If subdomain delegation isn’t viable (some vendors don’t support custom Return-Path subdomains, or operational coordination is impossible), DIY automated flattening is the next-best option. The principle: replace include: directives with explicit ip4:/ip6: blocks resolved dynamically from vendor SPF records.

A working Python script that does the job:

#!/usr/bin/env python3
"""
spf-flatten.py — resolve all includes in an SPF record to literal IPs
and update the flattened record in DNS via Cloudflare API.
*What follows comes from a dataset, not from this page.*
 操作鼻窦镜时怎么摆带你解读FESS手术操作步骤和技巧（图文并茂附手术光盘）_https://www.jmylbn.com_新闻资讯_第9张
Run as cron daily; alerts via webhook if flattened record exceeds 9 lookups.
"""

import dns.resolver
import json
import requests
import sys
from typing import List, Set

# Configuration
DOMAIN = "yourdomain.com"
INCLUDES_TO_FLATTEN = [
    "_spf.google.com",
    "sendgrid.net",
    "mailgun.org",
    "_spfa.hubspot.com",
    "salesforce.com",
]
ADDITIONAL_IPS = [
    "ip4:203.0.113.0/24",  # Your own SMTP servers
]
CF_TOKEN = "your_cloudflare_api_token"
CF_ZONE_ID = "your_zone_id"
ALERT_WEBHOOK = "https://hooks.slack.com/services/..."
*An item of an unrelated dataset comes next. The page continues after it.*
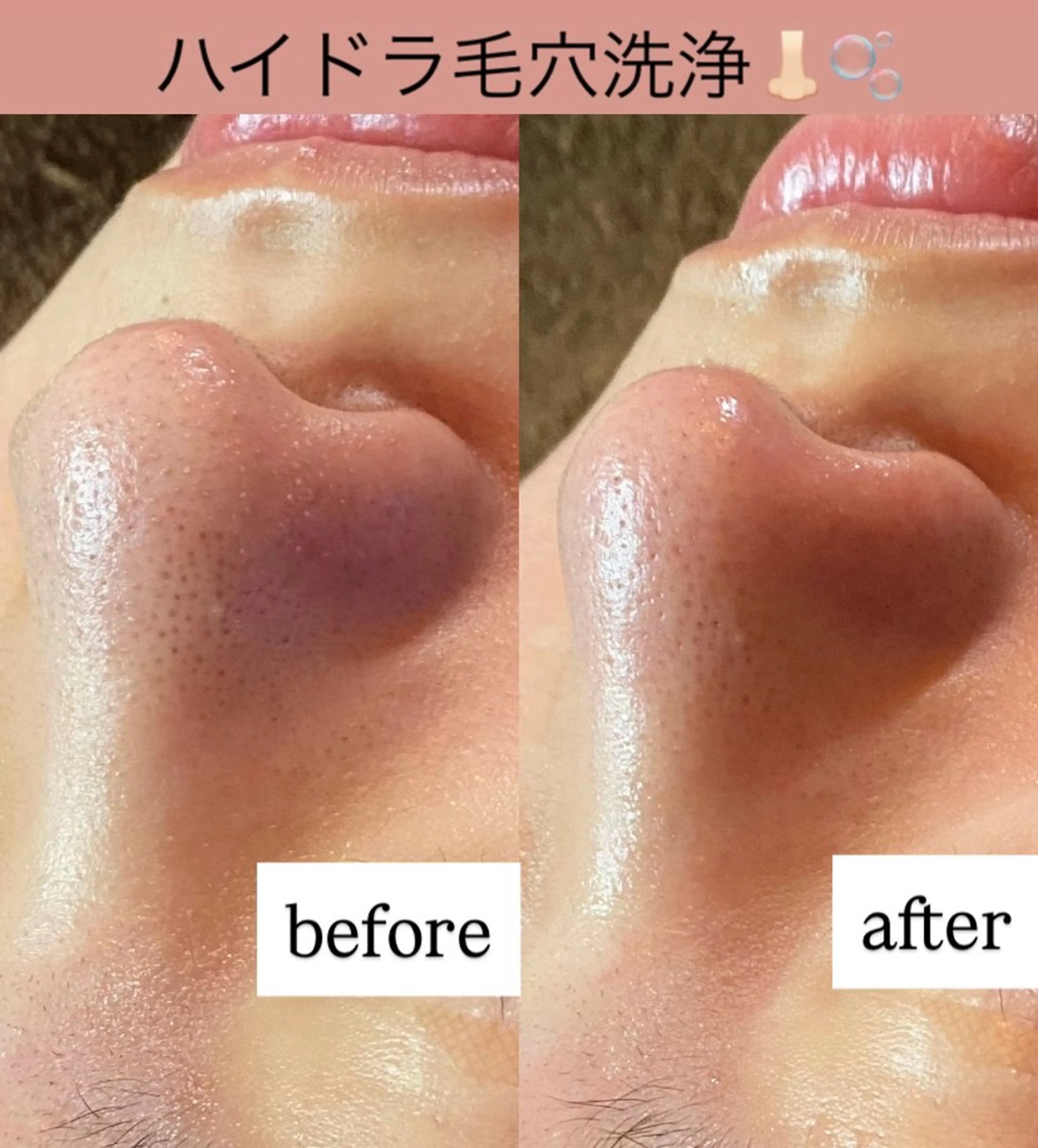 エステ 肌質改善専門 ハーブ /毛穴洗浄 リエイトのエステ・リラクイメージ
def resolve_spf_ips(domain: str, depth: int = 0, seen: Set[str] = None) -> List[str]:
    """Recursively resolve an SPF record to all its ip4/ip6 mechanisms."""
    if seen is None:
        seen = set()
    if domain in seen or depth > 10:
        return []
    seen.add(domain)
    
    ips = []
    try:
        answers = dns.resolver.resolve(domain, "TXT")
    except Exception as e:
        print(f"WARN: Cannot resolve TXT for {domain}: {e}", file=sys.stderr)
        return []
    
    for rdata in answers:
        record = b"".join(rdata.strings).decode()
        if not record.startswith("v=spf1"):
            continue
        for token in record.split():
            if token.startswith("ip4:") or token.startswith("ip6:"):
                ips.append(token)
            elif token.startswith("include:"):
                included = token[8:]
                ips.extend(resolve_spf_ips(included, depth + 1, seen))
            elif token.startswith("redirect="):
                redirected = token[9:]
                ips.extend(resolve_spf_ips(redirected, depth + 1, seen))
    return ips

def build_flattened_record(ips: List[str], extra: List[str]) -> str:
    """Build a flattened SPF record with deduplication."""
    unique_ips = sorted(set(ips + extra))
    return "v=spf1 " + " ".join(unique_ips) + " -all"

def update_cloudflare_dns(record: str) -> None:
    """Update the SPF TXT record at Cloudflare via API."""
    headers = {"Authorization": f"Bearer {CF_TOKEN}", "Content-Type": "application/json"}
    list_url = f"https://api.cloudflare.com/client/v4/zones/{CF_ZONE_ID}/dns_records"
    response = requests.get(list_url, headers=headers, params={"type": "TXT", "name": DOMAIN})
    response.raise_for_status()
    
    existing = next((r for r in response.json()["result"] if r["content"].startswith("v=spf1")), None)
    if existing:
        update_url = f"{list_url}/{existing['id']}"
        payload = {"type": "TXT", "name": DOMAIN, "content": record, "ttl": 3600}
        r = requests.put(update_url, headers=headers, json=payload)
        r.raise_for_status()
        print(f"Updated SPF record: {record}")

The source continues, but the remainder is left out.